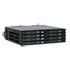Thumbnail 1 : ICY DOCK ToughArmor 8 Bay 2.5" SATA SSD/HDD Mini-SAS Backplane Cage for External 5.25" Bay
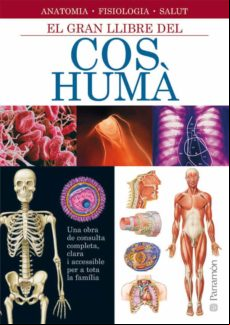 El Gran Llibre Del Cos Huma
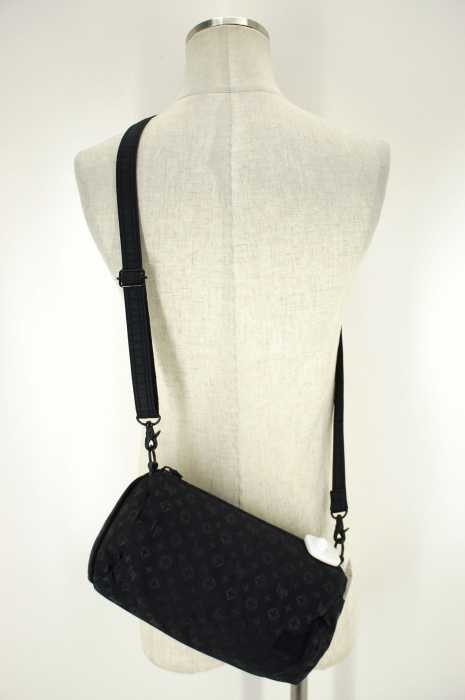 HEAD PORTER （ヘッドポーター） BLACKBEAUTY ナイロンショルダーバッグ メンズ バッグ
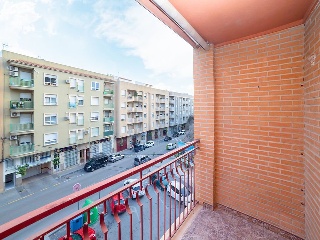 Piso en Abarán 64
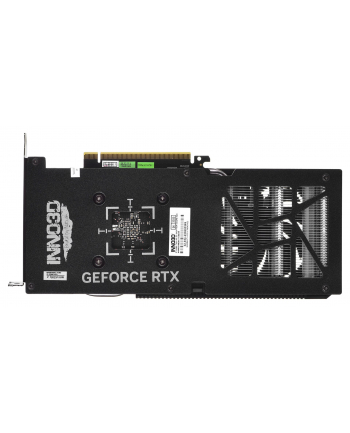 Inno3D GeForce RTX 4060 TWIN X2 - NVID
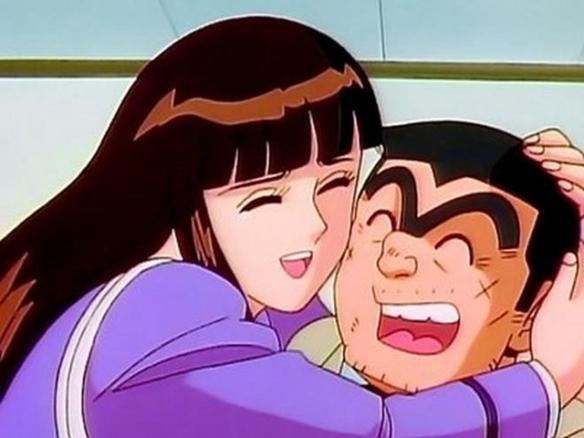 ▼第9名 「麻里爱」 乌龙派出所▼第10名 「芙劳·波」 机动战士好的!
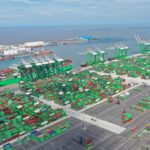 港務公司以強港航、興觀光、智管理、達永續，開啟115年港群新局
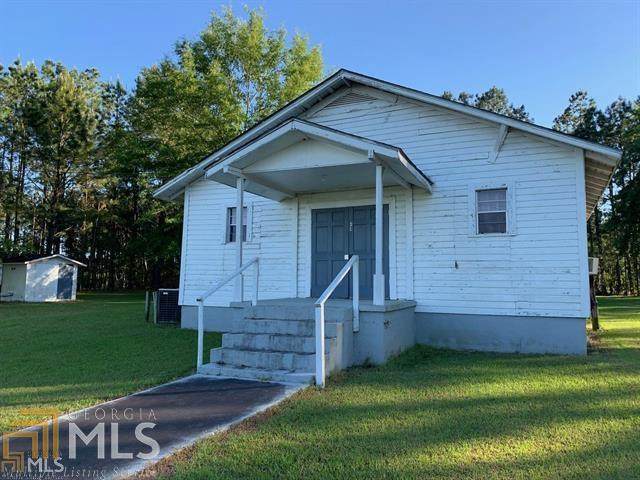 251 Bill Hambrick Rd - Photo 1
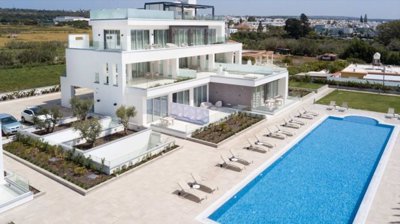 Apartment For Sale  in  Ayia Napa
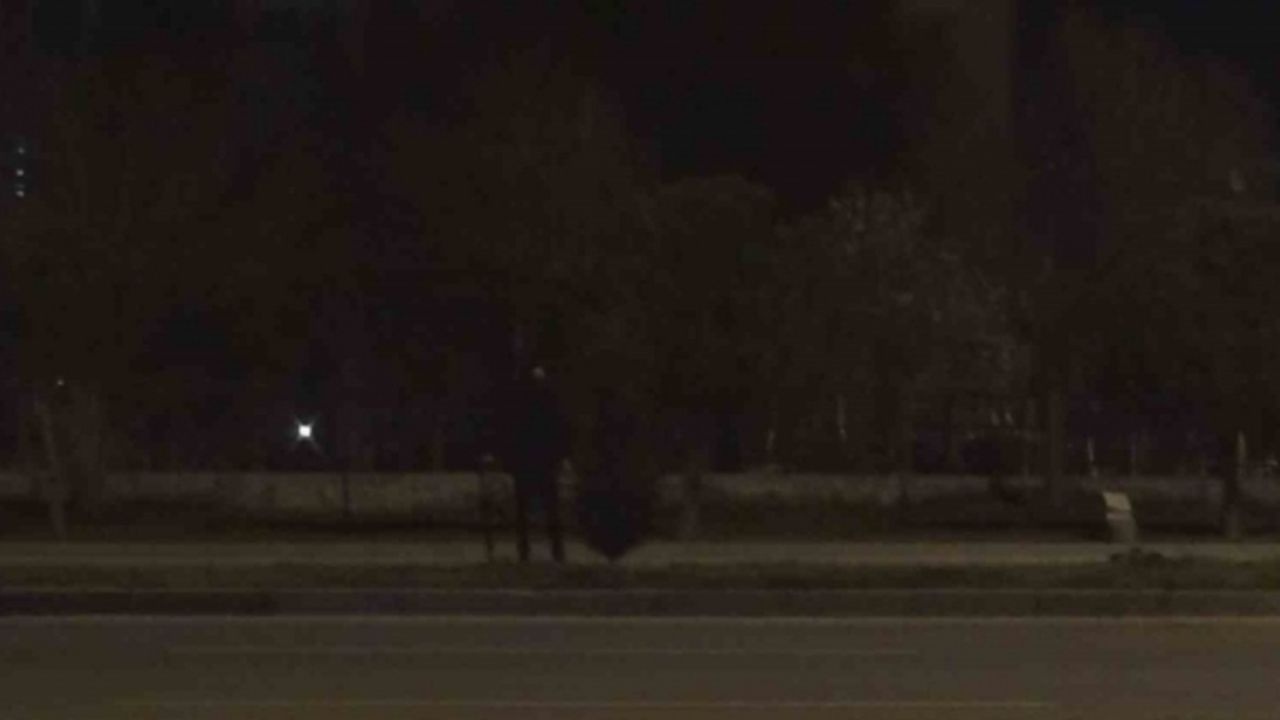 Ege Üniversitesinden randevu alamıyorum deyip tüfekle rastgele ateş açtı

• YOUR ASSIGNMENT:
Give back only the lines from the one that carries "251 Bill Hambrick Rd - Photo 1" through the final line above, both included. Drop all pictures.

• WRITTEN RESPONSE:
 251 Bill Hambrick Rd - Photo 1
 Apartment For Sale  in  Ayia Napa
 Ege Üniversitesinden randevu alamıyorum deyip tüfekle rastgele ateş açtı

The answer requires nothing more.